5) plot the results in R. The output file name from GEMMA is always the same, so a standardized script could be created. Then save the GEMMA output files (with the actual results) and the manhattan plot by renaming the file involveing the PHENOTYPE name from the loop
Loop ends here.
This still creates a bunch of files, depending on the number of phenotypes you are after, but at least you get rid of the temporary ones, and you can concetrate on the plots/results files.
Was this you were after?
Really helpful! Thanks! Just curious whether when using the --assoc function to analyze data, does it calculate p-values based on the phenotype of interest (present in the fam. files), or do we need to specify somehow the phenotype after the command?
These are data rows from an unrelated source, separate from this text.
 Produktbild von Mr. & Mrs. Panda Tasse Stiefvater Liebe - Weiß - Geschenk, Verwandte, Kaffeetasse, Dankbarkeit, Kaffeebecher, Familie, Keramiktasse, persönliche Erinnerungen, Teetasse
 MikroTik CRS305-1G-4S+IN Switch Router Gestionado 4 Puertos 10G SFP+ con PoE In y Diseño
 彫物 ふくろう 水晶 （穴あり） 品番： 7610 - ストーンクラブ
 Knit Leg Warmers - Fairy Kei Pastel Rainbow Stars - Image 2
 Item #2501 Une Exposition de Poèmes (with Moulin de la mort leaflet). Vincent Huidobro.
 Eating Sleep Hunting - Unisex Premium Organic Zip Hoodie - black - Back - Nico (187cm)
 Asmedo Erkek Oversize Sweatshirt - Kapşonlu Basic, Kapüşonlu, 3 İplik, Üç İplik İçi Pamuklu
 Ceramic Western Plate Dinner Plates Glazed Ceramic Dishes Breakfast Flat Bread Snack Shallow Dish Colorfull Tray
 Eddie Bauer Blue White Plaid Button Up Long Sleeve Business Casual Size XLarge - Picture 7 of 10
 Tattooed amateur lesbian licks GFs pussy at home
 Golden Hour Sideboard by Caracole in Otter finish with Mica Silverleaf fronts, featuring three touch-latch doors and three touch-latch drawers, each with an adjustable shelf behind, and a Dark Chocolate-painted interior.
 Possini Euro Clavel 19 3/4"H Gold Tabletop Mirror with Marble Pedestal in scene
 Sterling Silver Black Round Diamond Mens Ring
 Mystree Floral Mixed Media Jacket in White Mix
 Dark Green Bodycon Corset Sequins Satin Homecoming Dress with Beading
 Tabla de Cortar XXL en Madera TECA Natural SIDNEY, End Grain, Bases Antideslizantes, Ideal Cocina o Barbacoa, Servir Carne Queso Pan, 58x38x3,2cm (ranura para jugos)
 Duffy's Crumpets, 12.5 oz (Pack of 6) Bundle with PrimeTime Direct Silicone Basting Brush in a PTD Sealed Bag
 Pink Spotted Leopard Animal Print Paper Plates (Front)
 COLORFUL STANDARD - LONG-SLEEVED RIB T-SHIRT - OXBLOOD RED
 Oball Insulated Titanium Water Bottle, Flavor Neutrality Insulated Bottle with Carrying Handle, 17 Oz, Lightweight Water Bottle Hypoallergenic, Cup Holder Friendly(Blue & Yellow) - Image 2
To be honest, I prefer GEMMA for GWAS analyses, so a more detailed check on this would be needed. But from the info I see on the PLINK website, I think the phenotype column from .fam file that is being used for this.
Thank you so much professor. I really appreciate it. I have another question that usually comes handy in explaining genetic explaination of phenotypes which is narrow sense and broad sense heritability. I wonder if PLINK can measure? I read the document, but somehow could not figure it out in acgt64 software.
Hi, this is a bit more complex, coming down to modeling, if you consider the entire genetic variance (so including dominance and others), ad the narrow sense is just the additive variance. Maybe there is a video on this at some point, but not now, as it is further away from the current focus, quite deep in quantitative genetics.
Dear Professor, this is very helpful. thank you. I have two questions? 1. what if I want to update the phenotype column with an outcome coded as 0 and 1 (No, Yes), wouldn't the zeros be considered missing? 2. what happens if the number of individuals in the phenotype file is not proportional to that in the genotype files?
Hi,
Question nr. 1: I am not sure about the behaviour. Best to try it out in a small sample. But this is relevant only if you want to use the file further with PLINK. In a worst case scenario you rename it to 1-Yes, 2-No
Question nr. 2: It does not matter. The phenotype file can have any number of entries, only the ones with matching FID+IID will be updated. If you have more in the pheno file, these will be ignored, if less, these entries will not be updated in your ped file.
@@GenomicsBootCamp thank you so much for the feedback
Would this work with the binaries? just changing for bfile?
Yes, it should work the same way across all PLINK files. If binary ped files are used, the bfile is to be specified, as you mentioned.